-------- Stored data --------

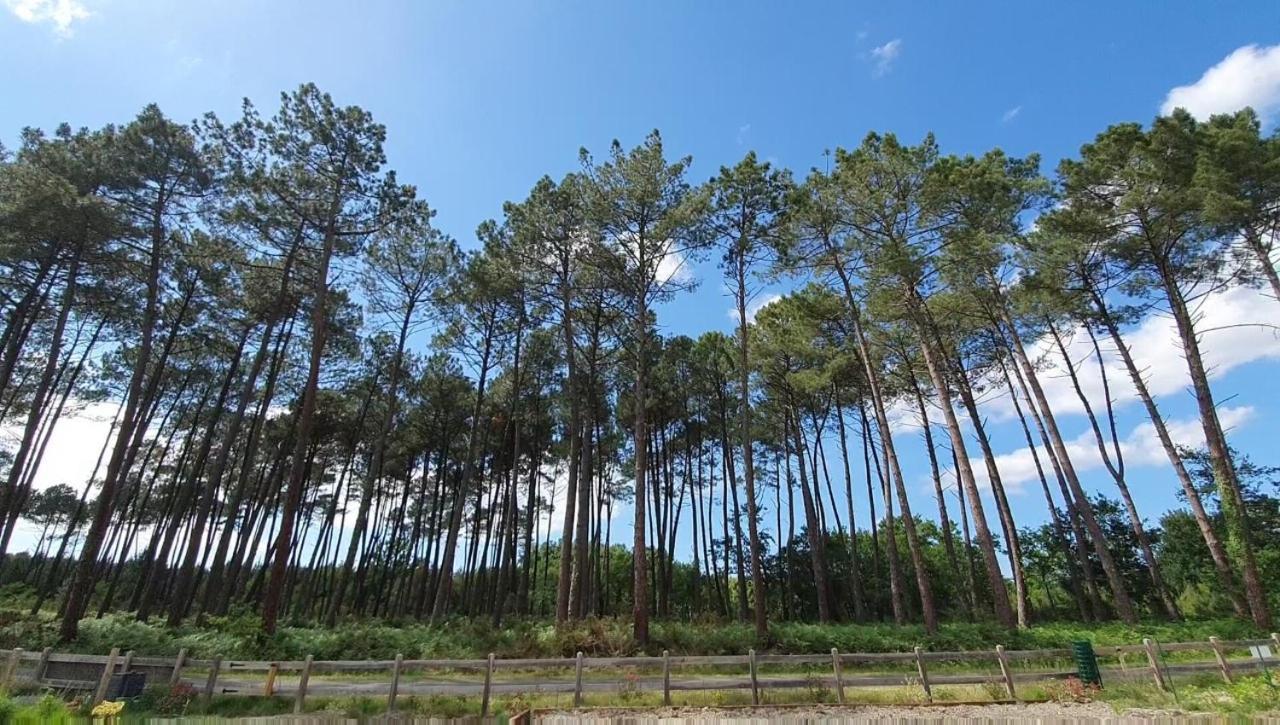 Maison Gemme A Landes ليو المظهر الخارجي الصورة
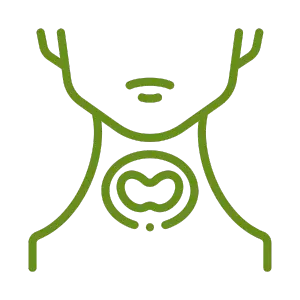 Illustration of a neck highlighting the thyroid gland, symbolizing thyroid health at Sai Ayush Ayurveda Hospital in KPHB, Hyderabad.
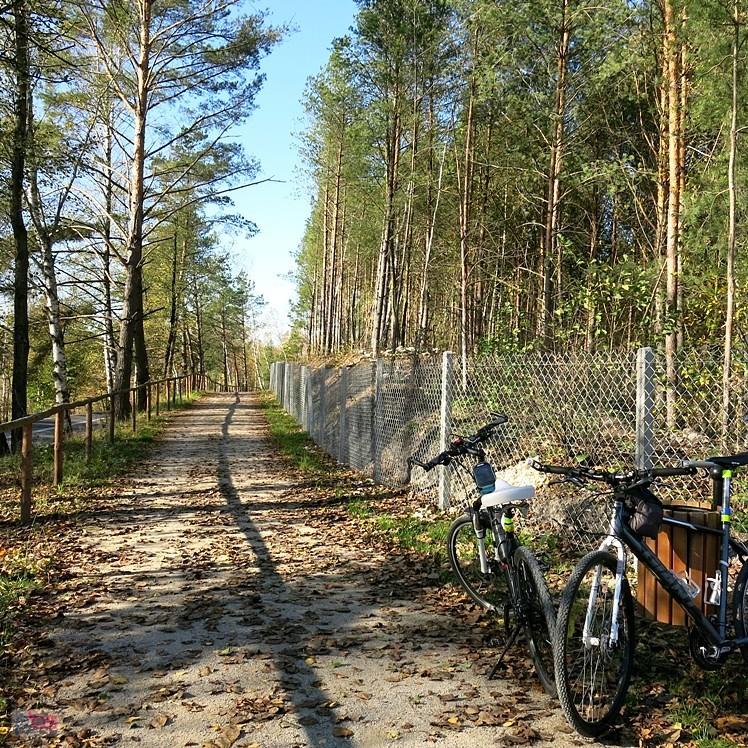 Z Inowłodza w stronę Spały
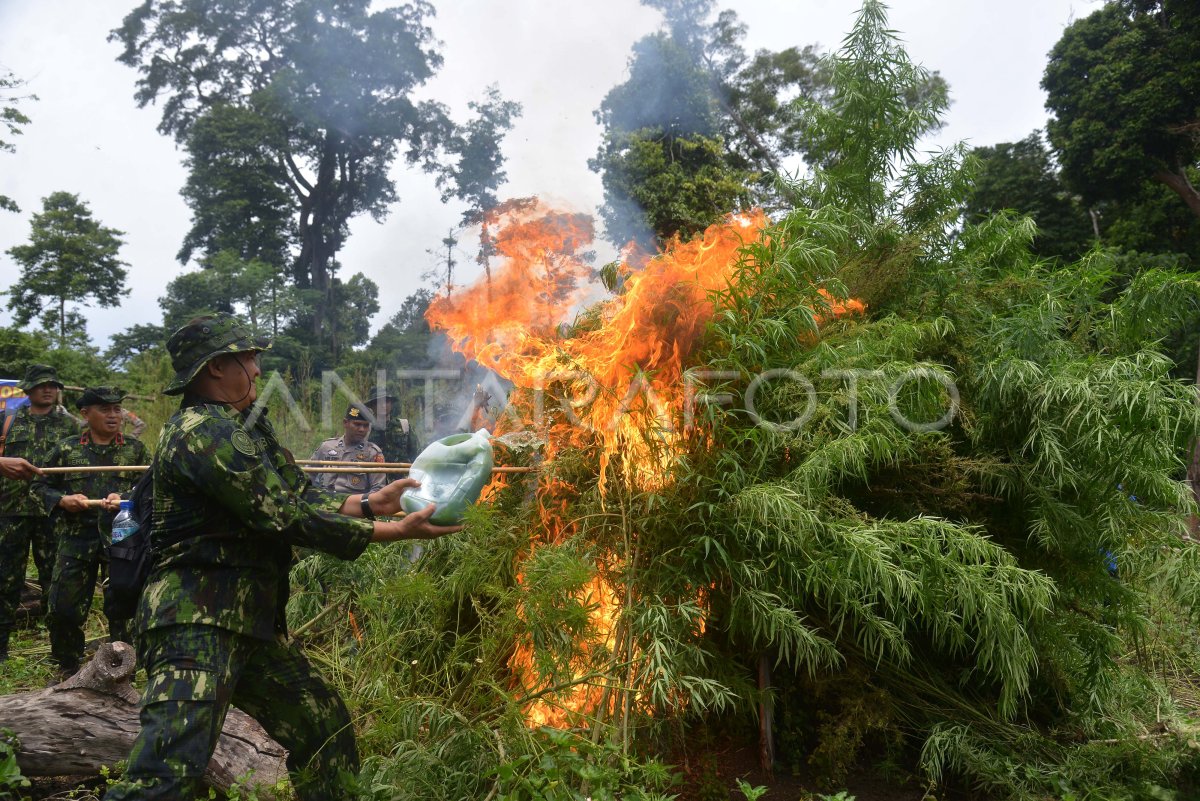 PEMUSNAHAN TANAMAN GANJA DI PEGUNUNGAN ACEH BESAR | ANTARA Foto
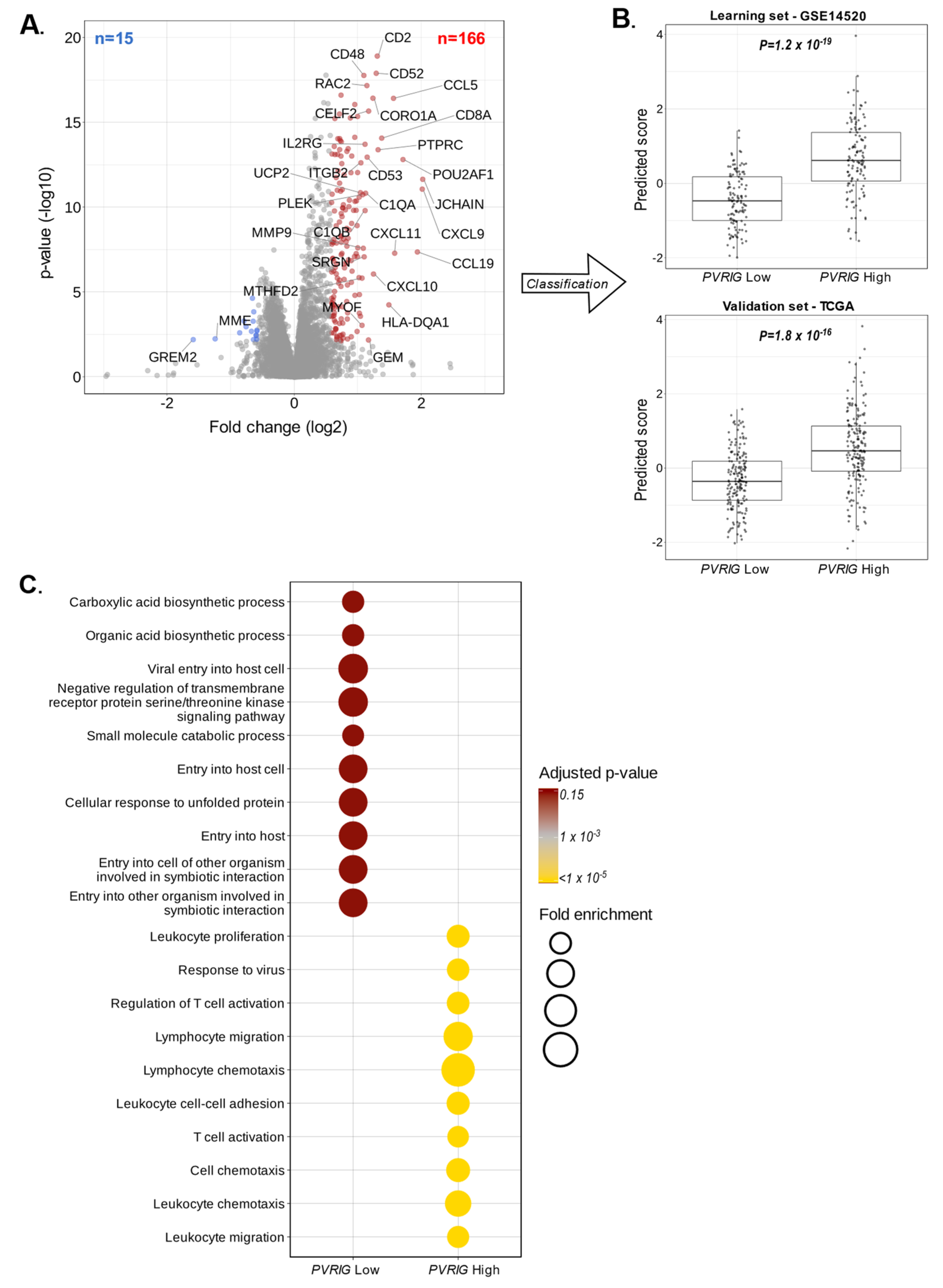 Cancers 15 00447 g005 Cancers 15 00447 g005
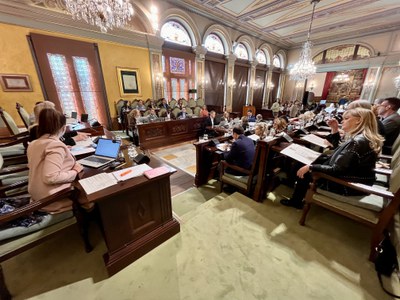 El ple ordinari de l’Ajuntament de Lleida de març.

--------
-------- Stored data --------

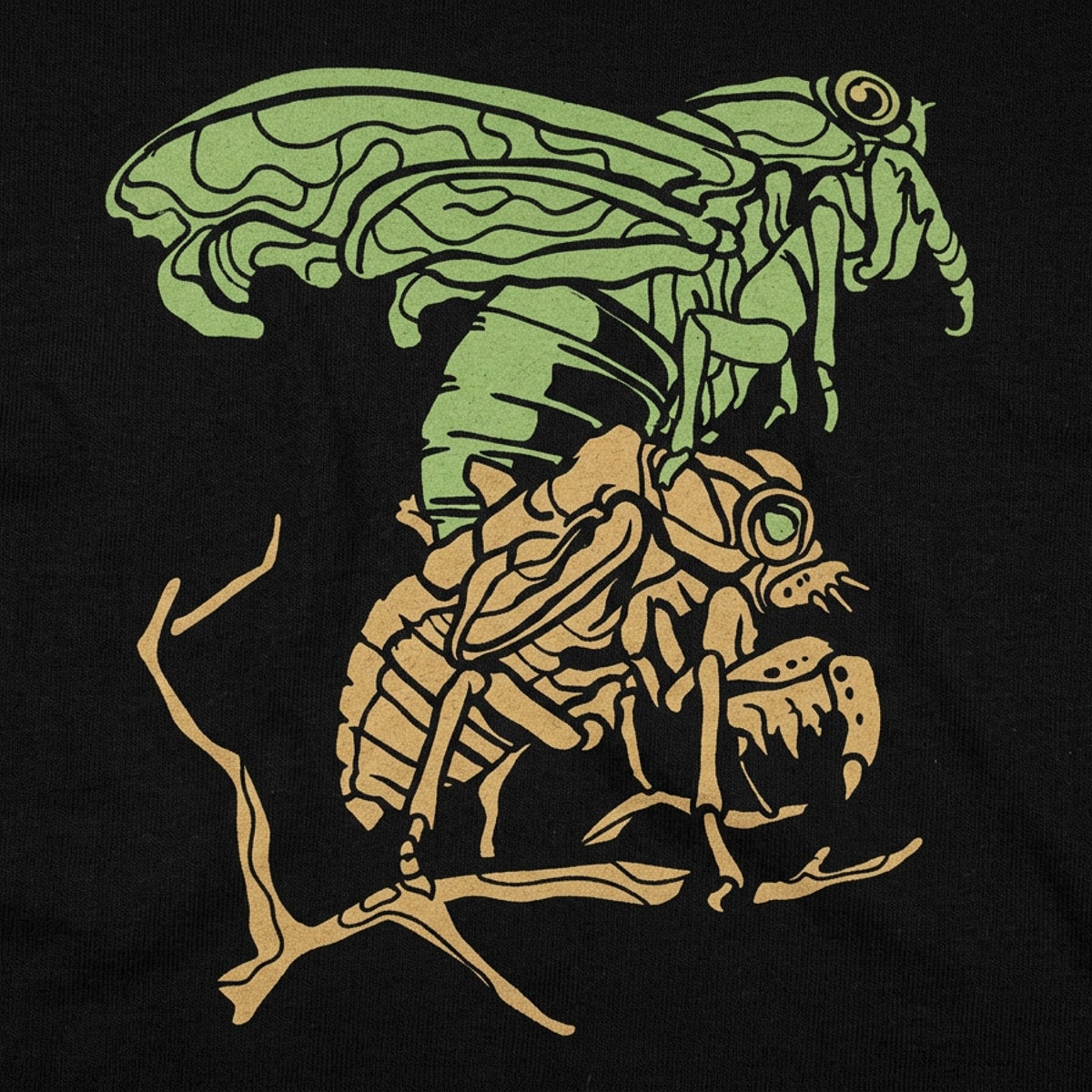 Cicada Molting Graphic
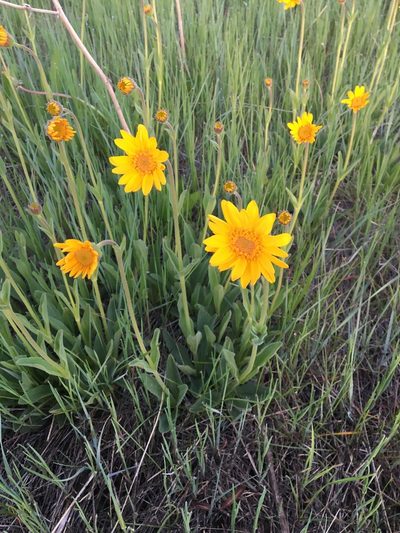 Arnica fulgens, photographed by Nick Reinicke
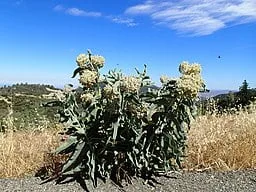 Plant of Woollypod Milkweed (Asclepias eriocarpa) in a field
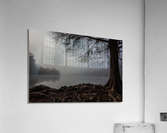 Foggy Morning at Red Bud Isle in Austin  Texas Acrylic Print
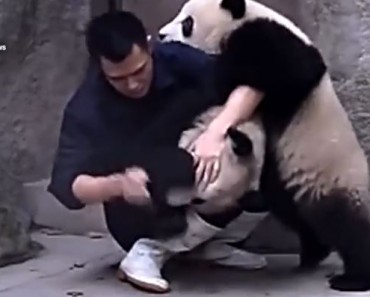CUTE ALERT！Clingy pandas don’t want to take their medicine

--------

§ What you are asked to do
From the records above, copy exactly the stretch from the line holding "Arnica fulgens, photographed" through the line holding "CUTE ALERT！Clingy pandas", both ends included, without the pictures.

§ Exercise response
 Arnica fulgens, photographed by Nick Reinicke
 Plant of Woollypod Milkweed (Asclepias eriocarpa) in a field
 Foggy Morning at Red Bud Isle in Austin  Texas Acrylic Print
CUTE ALERT！Clingy pandas don’t want to take their medicine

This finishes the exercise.